Connecting to OpenText Application Quality Management

When connecting, OpenText Functional Testing connects with a "super user" permission level, regardless of the specific user permissions assigned to you in OpenText Application Quality Management. This enables you to use all aspects of the application regardless of the privileges allotted to you for working in an ALM project.

Note: This section is only relevant if you have enabled communication between OpenText Functional Testing and ALM project by setting the relevant DCOM settings.

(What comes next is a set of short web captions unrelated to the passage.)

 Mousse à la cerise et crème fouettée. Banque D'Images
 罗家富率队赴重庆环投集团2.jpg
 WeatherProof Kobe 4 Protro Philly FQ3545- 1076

For details, see DCOM configuration settings.

Default access level

The ALM project uses the parameter ALLOW_LEGACY_INTEGRATION_MODE. By default, this parameter is deactivated, and your activities in OpenText Application Quality ManagementALM by OpenText Functional Testing are limited by the assigned user permissions in your ALM project.

For full details on the parameter ALLOW_LEGACY_INTEGRATION_MODE, see the OpenText Application Quality Management Help Center.

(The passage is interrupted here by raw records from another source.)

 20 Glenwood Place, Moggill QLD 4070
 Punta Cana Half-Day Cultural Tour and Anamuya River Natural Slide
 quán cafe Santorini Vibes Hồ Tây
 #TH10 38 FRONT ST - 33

In addition, if you are running GUI tests from the ALM Test Lab, you must select the Allow connections from computers running any version of Remote Desktop (less secure) option in the Windows Remote Settings (Control Panel > System > Remote Settings) . Failure to enable this option will result in the test run stopping when the Remote Desktop session is disconnected.

Connecting to OpenText Application Quality Management using Single Sign-On (SSO)

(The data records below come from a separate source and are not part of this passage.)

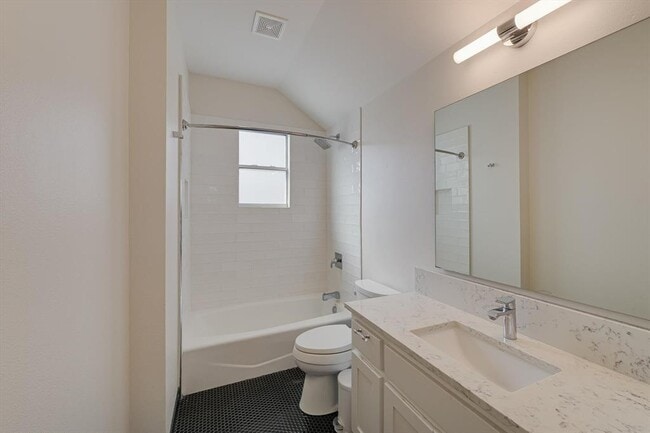 Building Photo - 1203 Newton St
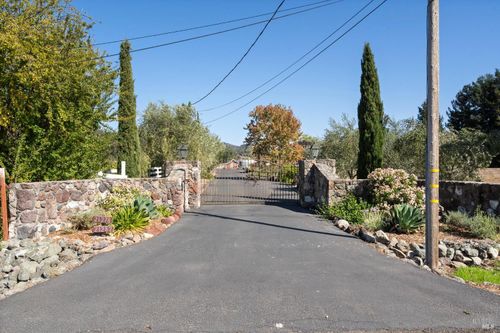 21282 Burndale Road, Sonoma, CA, 95476 | Card Image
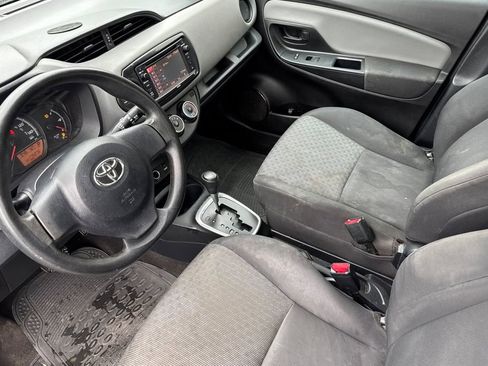 Used 2015 Toyota Yaris L FWD image 10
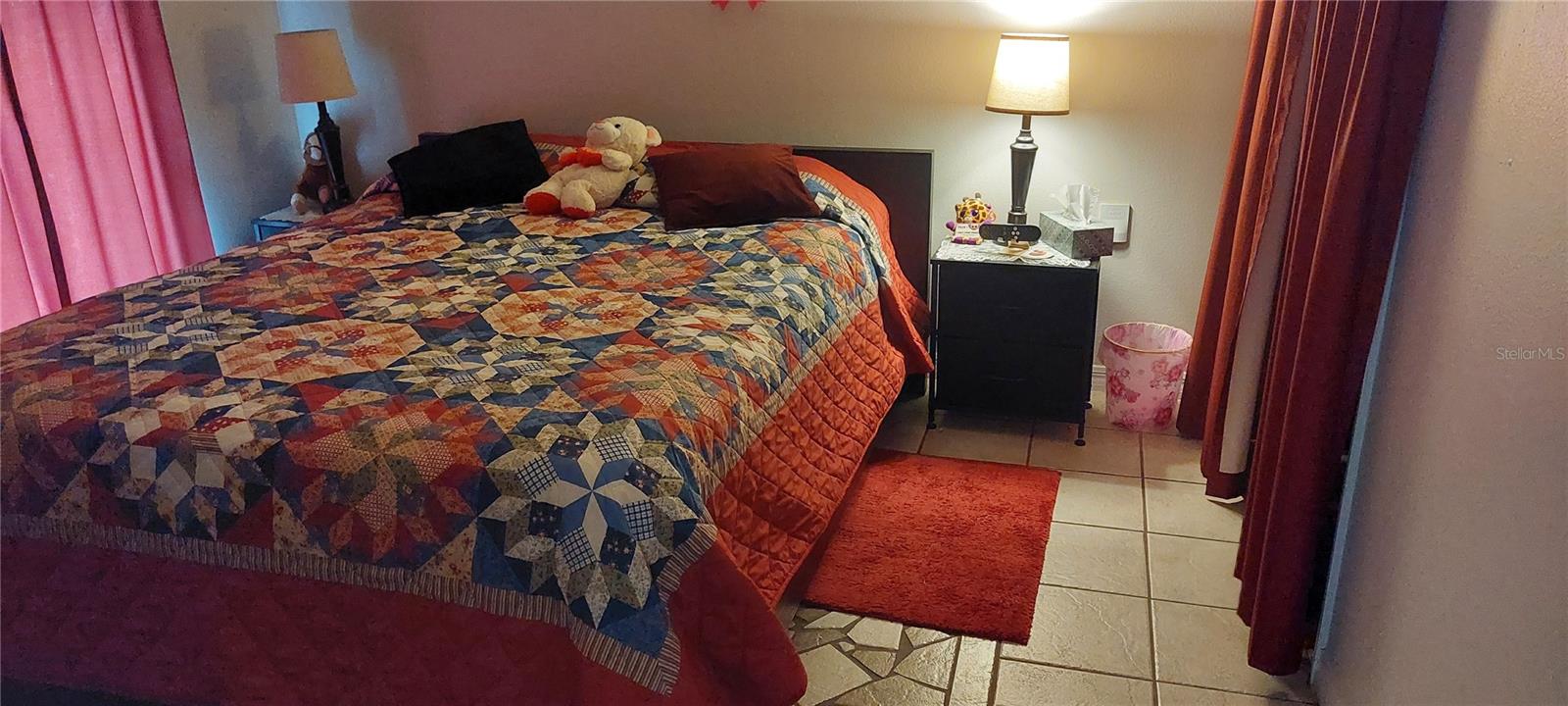 Listing photo id 4 for 7337 Marseille Circle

To connect to an ALM server that requires Single Sign-On (SSO), you provide the SSO credentials.

When you run tests manually from OpenText Functional Testing, you enter the credentials directly in an SSO login page provided by OpenText Application Quality Management. OpenText Functional Testing never stores these credentials.

When you run OpenText Functional Testing using an automation script and connect to OpenText Application Quality Management, you must enter the credentials in the script. The credentials you enter are stored in a text file. We therefore strongly recommend that you always encode this information before entering it in the script. For details, see the Automation Object Model Reference.